Feature/bitmask missing values support. #22

CarlosPenaDePedro · 2024-11-21T11:38:56Z

This PR stems from DE IFS-NEMO experiments. In NEMO, the only missing points correspond to land points, which are masked. Our profiling revealed that the dynamic treatment of missing points, which includes copying the complete sparse matrix weights, was the main time-consuming aspect of the interpolation action. Since these missing points are known beforehand, the optimisation involves passing a boolean vector containing the static missing points as a parameter to mir and applying it to the matrix at creation time, enabling it to be cached.

…ssing_values-support_simple

FussyDuck · 2024-11-21T11:39:01Z

Thank you for your submission! We really appreciate it.
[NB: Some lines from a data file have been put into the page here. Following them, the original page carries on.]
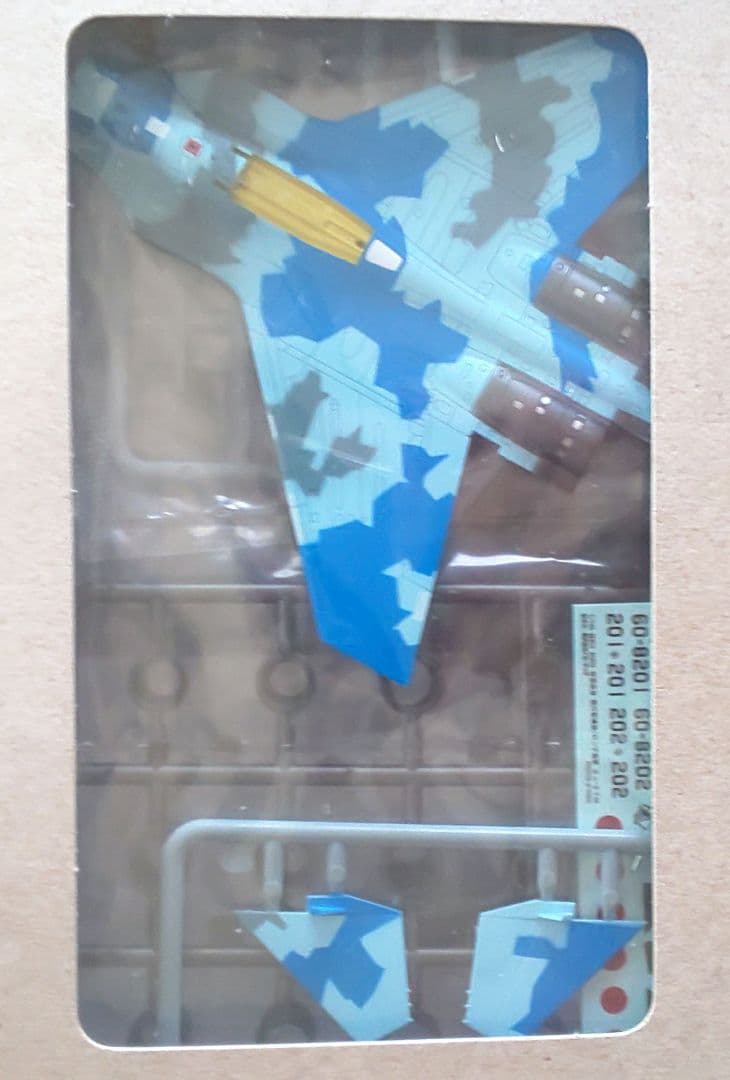 （未使用品）技MIX 1/144 Su-27M 仮想空自仕様 AC602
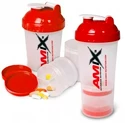 Shaker Amix Nutrition  Shaker Monster Bottle 600 ml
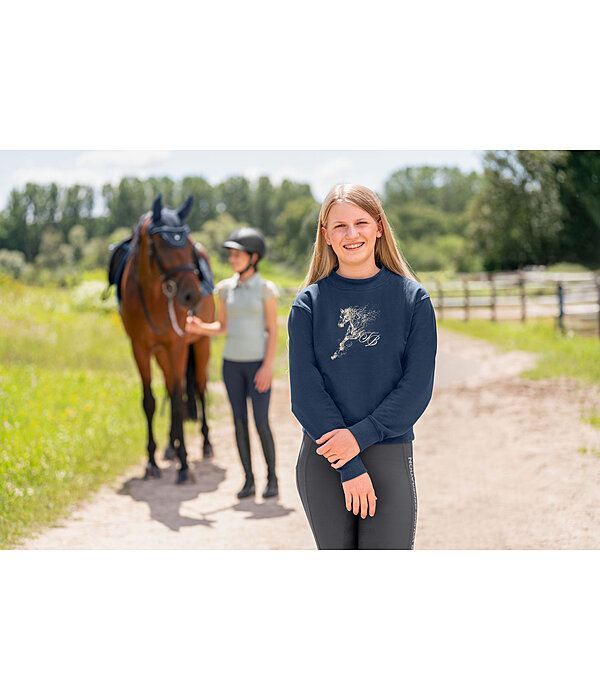 kids sweat pullover Laelia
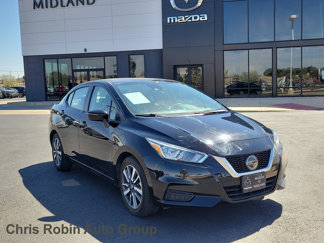 Used 2021 Nissan Versa SV image 1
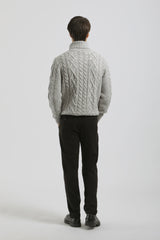 Pantaloni chino|Colore:Nero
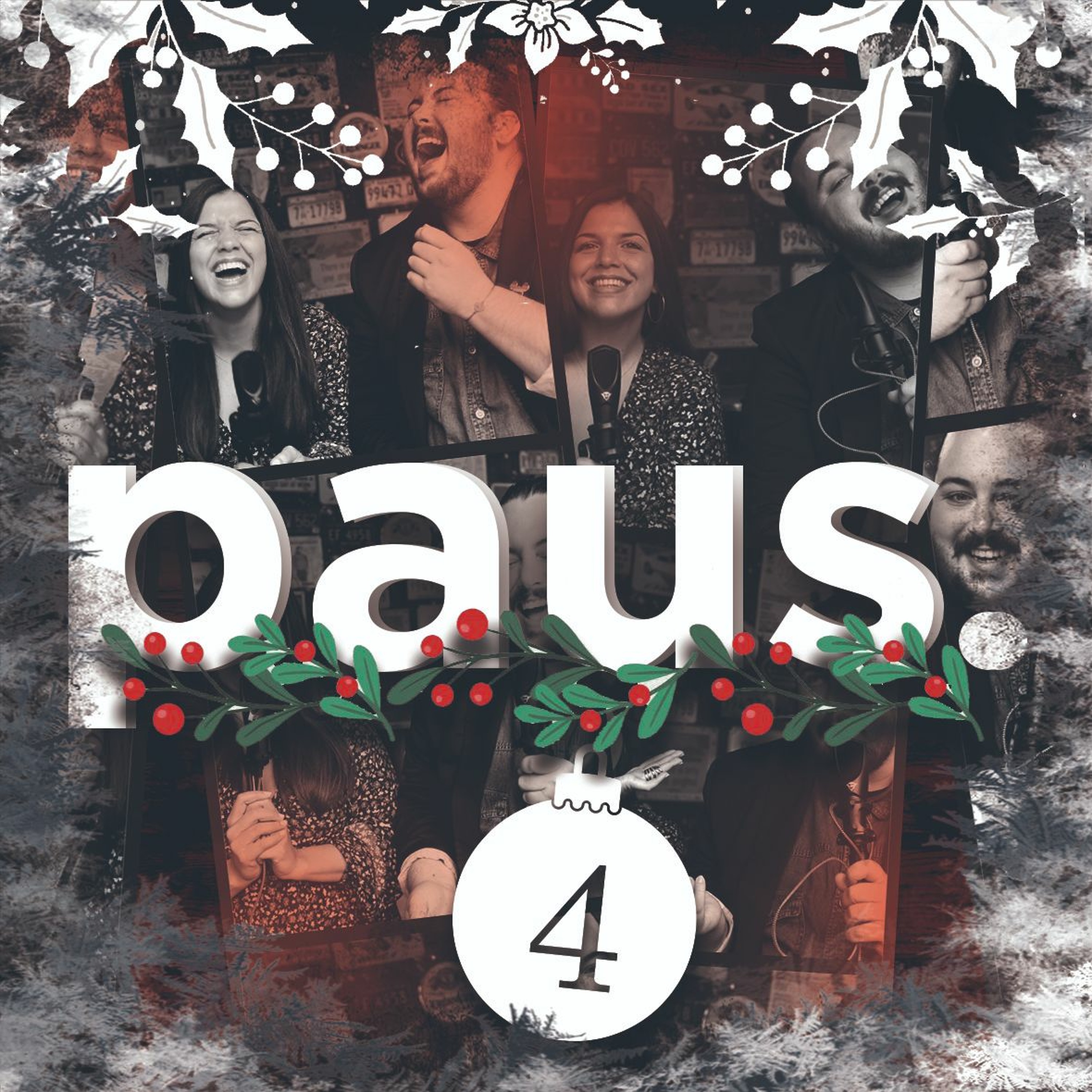Dier 4 episode artwork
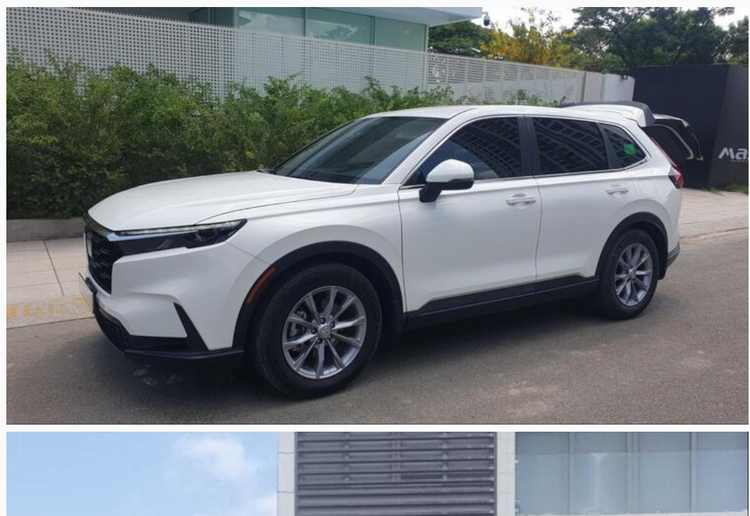 Ngân sách 1 tỷ có đủ mua Honda CR-V không các bác?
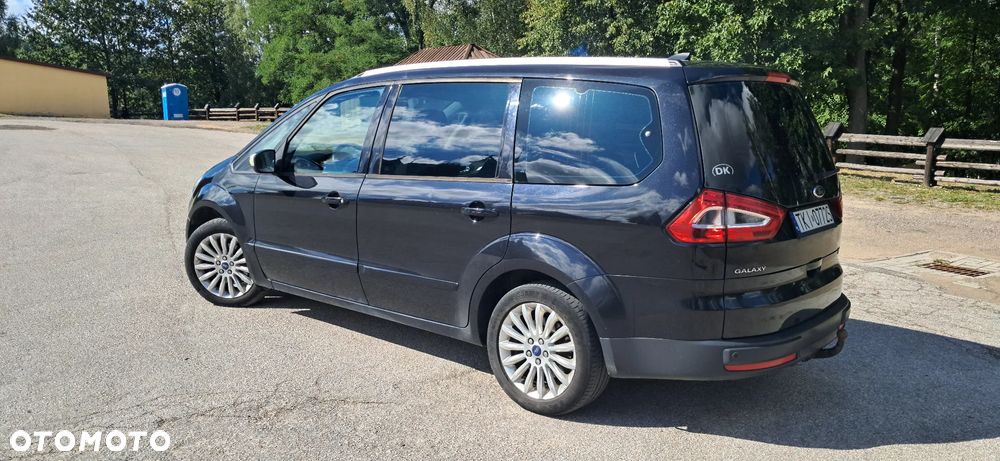 Ford Galaxy 2.0 TDCi Trend - 3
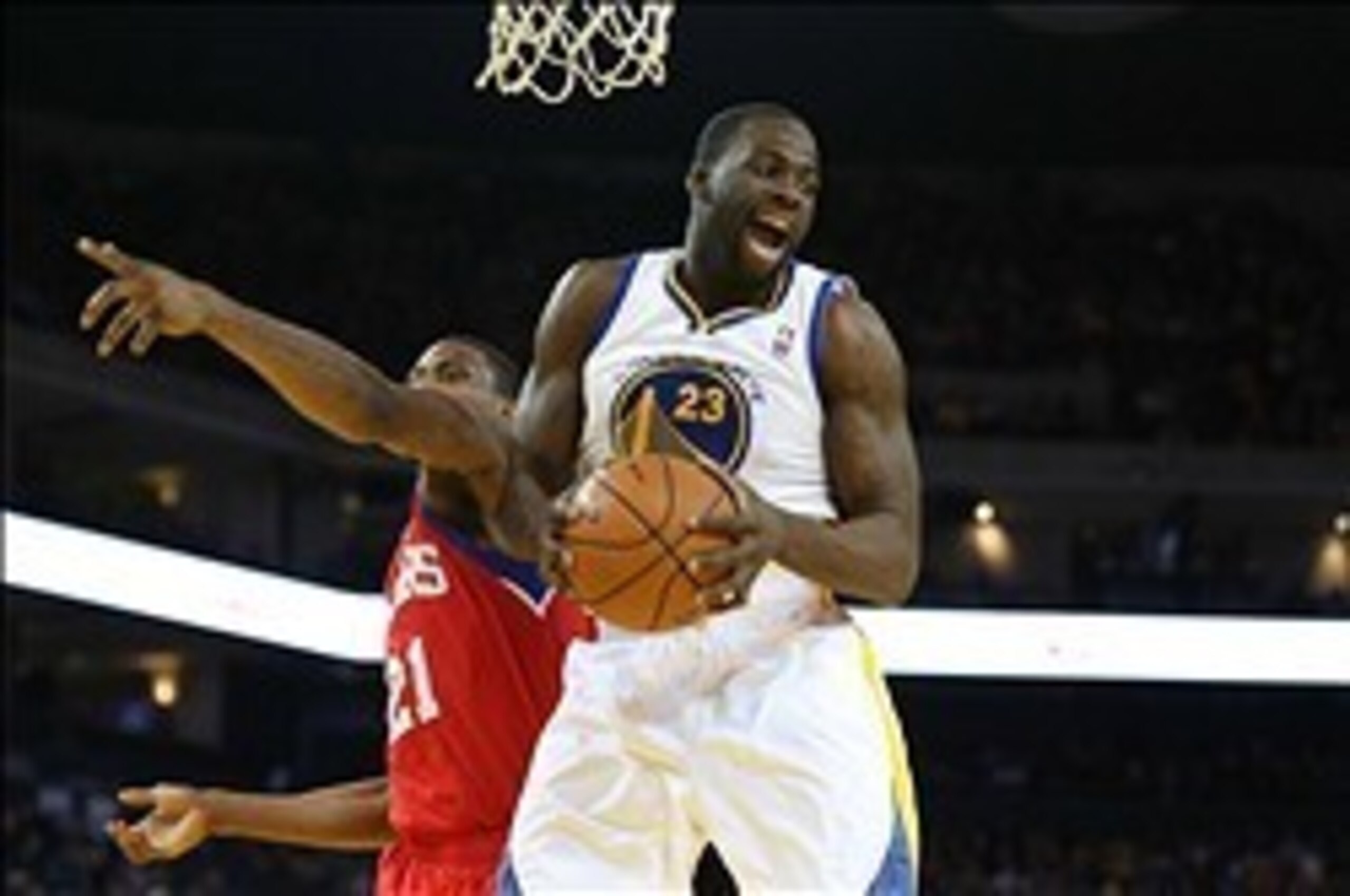 Draymond Green has been the glue guy on the squad.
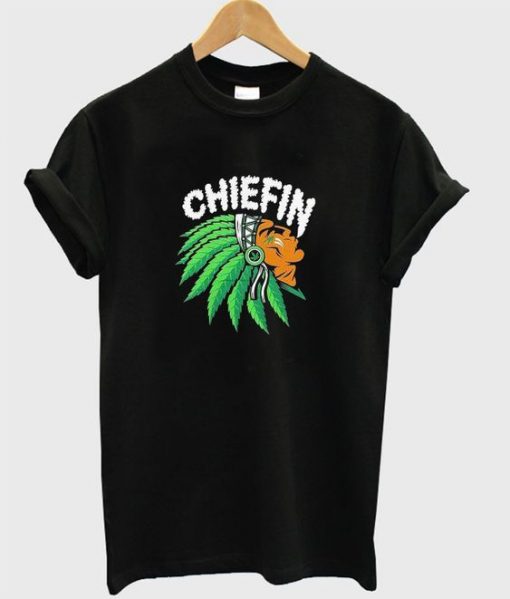 chiefin t-shirt FD30N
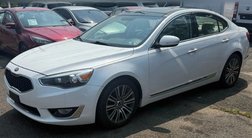 2014 Kia Cadenza Premium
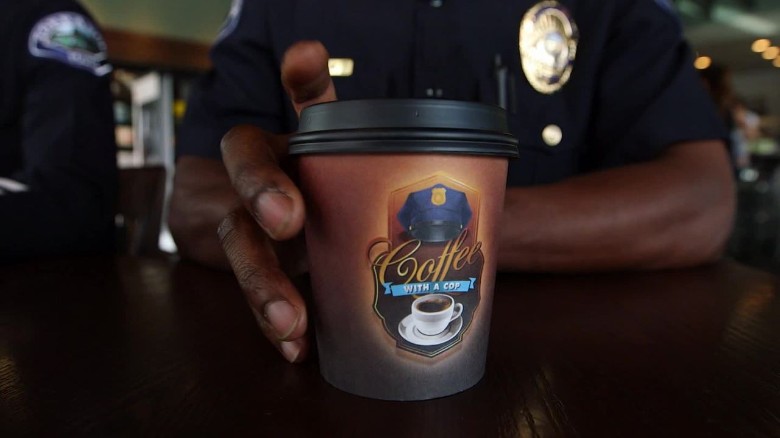 Bush Tea With A Cop Community Outreach Program Moves To St. Croix Tomorrow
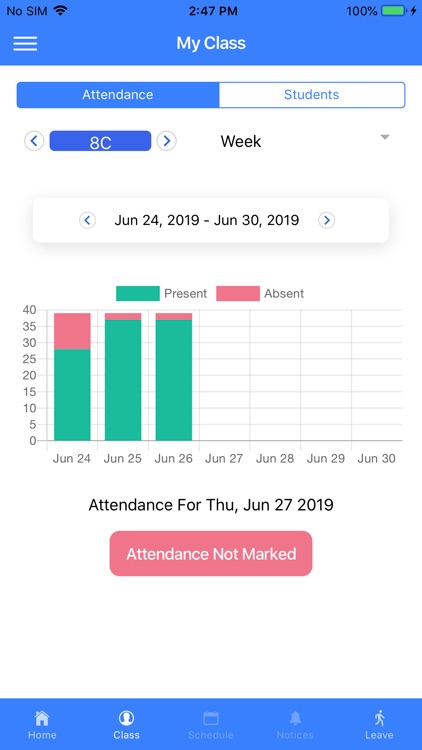 Smart School Teacher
Like many open source projects, we ask that you sign our Contributor License Agreement before we can accept your contribution.

Carlos Pena De Pedro seems not to be a GitHub user. You need a GitHub account to be able to sign the CLA. If you have already a GitHub account, please add the email address used for this commit to your account.
_{You have signed the CLA already but the status is still pending? Let us recheck it.}

pmaciel · 2024-11-21T11:58:02Z

Hi @CarlosPenaDePedro , thanks for this PR. The reason matrices are copied and not directly modified on the presence of missing/masked values is because they are intended to be cached (and you'll see that a copy is followed by modification then destruction). The cacheable files are meant to represent a geometry relation between input and output.

The reason the missing values corrections are named non-linear is deliberate: once you apply them, the resulting mulltiplication makes the interpolation operator non-linear in respect to the input/output geometries. So, this PR forces the cached files to depend on user-provided options, which is an indirect way to say field (missing/masked values) and the cache will be fundamentally broken.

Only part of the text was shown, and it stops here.